Both patients with early onset had fibril type B which is more common in patients with early onset age [Citation9], along with more frequent autonomic neuropathic symptoms [Citation30]. They both had discrete symptoms with numbness and tingling feet, but no electrophysiological signs of PNP or CTS. Since our study had a limited number of patients with early-onset disease, we could not draw any specific conclusions about the usefulness of US in peripheral nerves in younger V30M ATTRv patients.
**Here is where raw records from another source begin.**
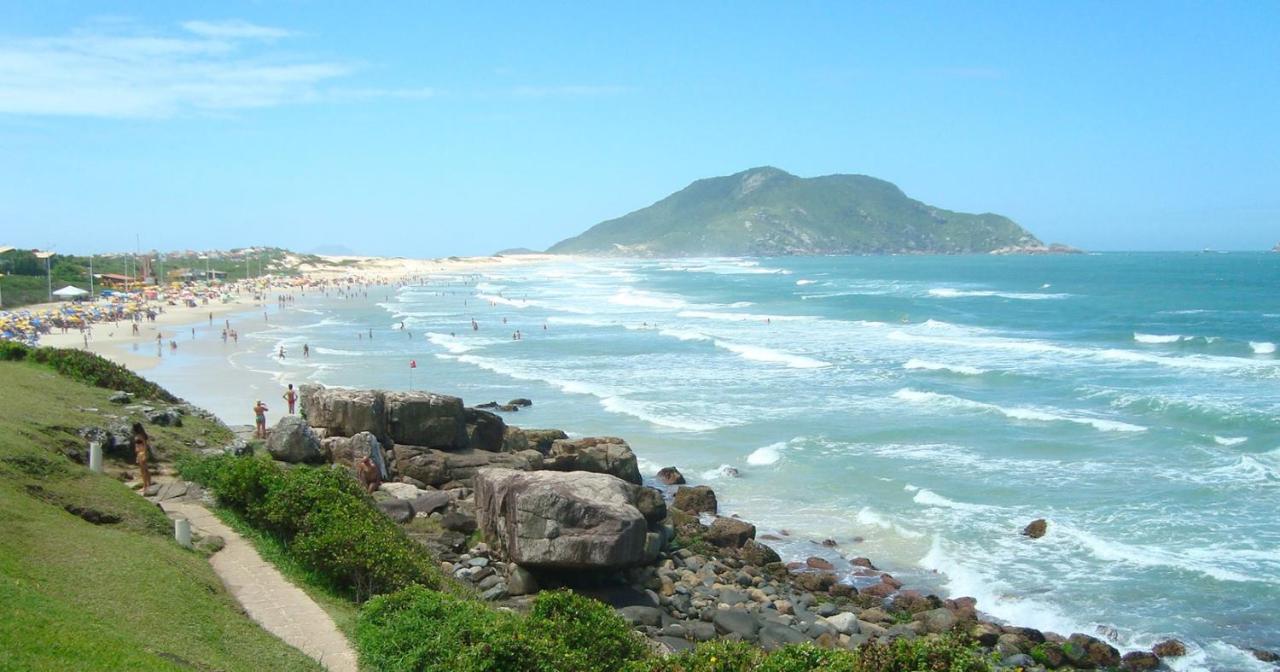 Apartamento Costao Das Gaivotas - Praia Do Santinho - Ingleses - Florianópolis المظهر الخارجي الصورة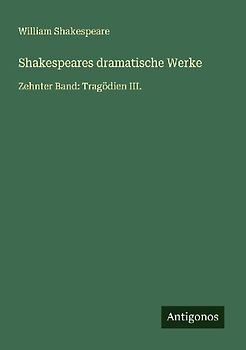 Shakespeares dramatische Werke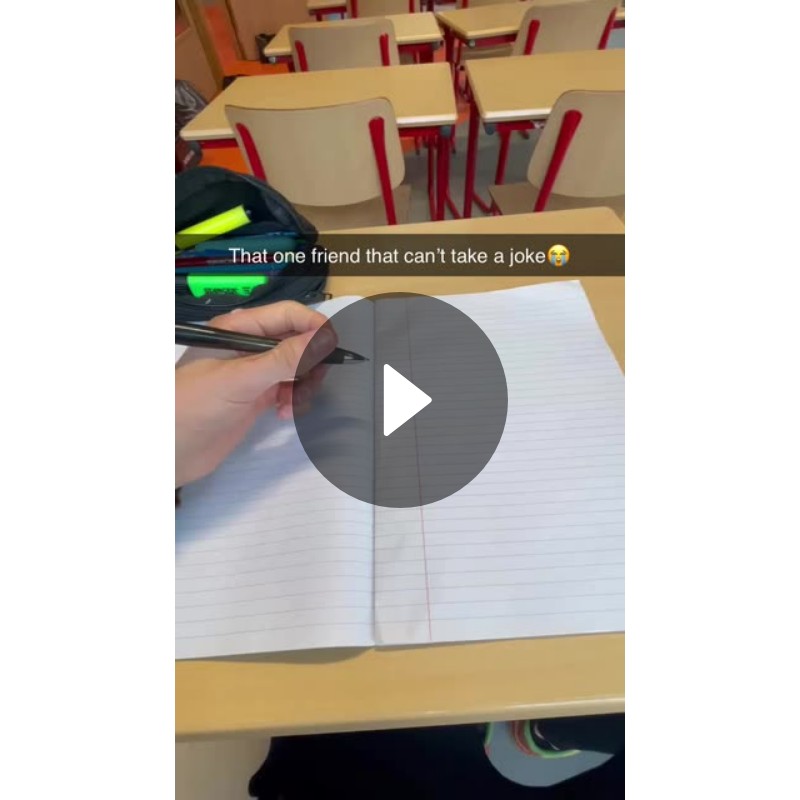 That one friend that can’t take a joke😭 Spotlight on Snapchat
However, early onset age is less common in our endemic area [Citation4,Citation5]. Earlier studies have found that ATTRv patients with fibril type A often has late onset age [Citation9] and that CTS are more common as well as cardiac involvement [Citation10]. In our study, five late-onset patients had fibril type A, and four had type B, and we found that those with fibril type A had a significantly larger CSA at the MEDW. Further, also a significantly enlarged CSA at the MEDW was seen within the 11 fibril-typed patients, regardless if onset age was evaluated. CTS is in the general population more common in women [Citation11], and in our study all three women included were late-onset ATTRv patients, two with fibril type B and one in which fibril typing was not performed. With all this taken into account, our study support that enlarged CSA at the wrist, and that CTS in late-onset patients with fibril type A seems to be more frequent. Ehler suggests that a CSA at the wrist >10 mm2 would be critical [Citation23]. With that in mind, 12 out of 22 late-onset wrists in our study should have had enlarged CSA, supporting a presumed CTS diagnose in eight out of 11 patients. Five patients showed electrophysiological signs of CTS (eight wrists).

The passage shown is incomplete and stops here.